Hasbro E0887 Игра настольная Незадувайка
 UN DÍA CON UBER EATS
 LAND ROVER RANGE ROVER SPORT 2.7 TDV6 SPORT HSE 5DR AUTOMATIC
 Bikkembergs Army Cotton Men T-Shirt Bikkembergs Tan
--
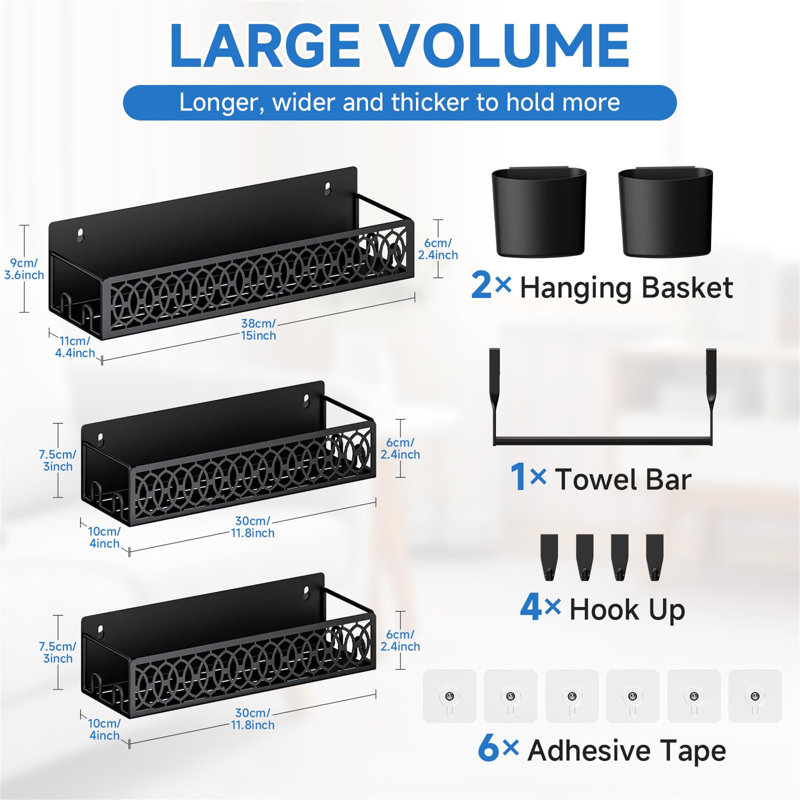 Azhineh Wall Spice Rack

EXERCISE DESCRIPTION:
Word for word, restate the lines of the listing above starting at the line with "Hasbro E0887 Игра настольная Незадувайка" and ending at the line with "Bikkembergs Army Cotton", and nothing outside them.

SOLUTION TO THE EXERCISE:
Hasbro E0887 Игра настольная Незадувайка
 UN DÍA CON UBER EATS
 LAND ROVER RANGE ROVER SPORT 2.7 TDV6 SPORT HSE 5DR AUTOMATIC
 Bikkembergs Army Cotton Men T-Shirt Bikkembergs Tan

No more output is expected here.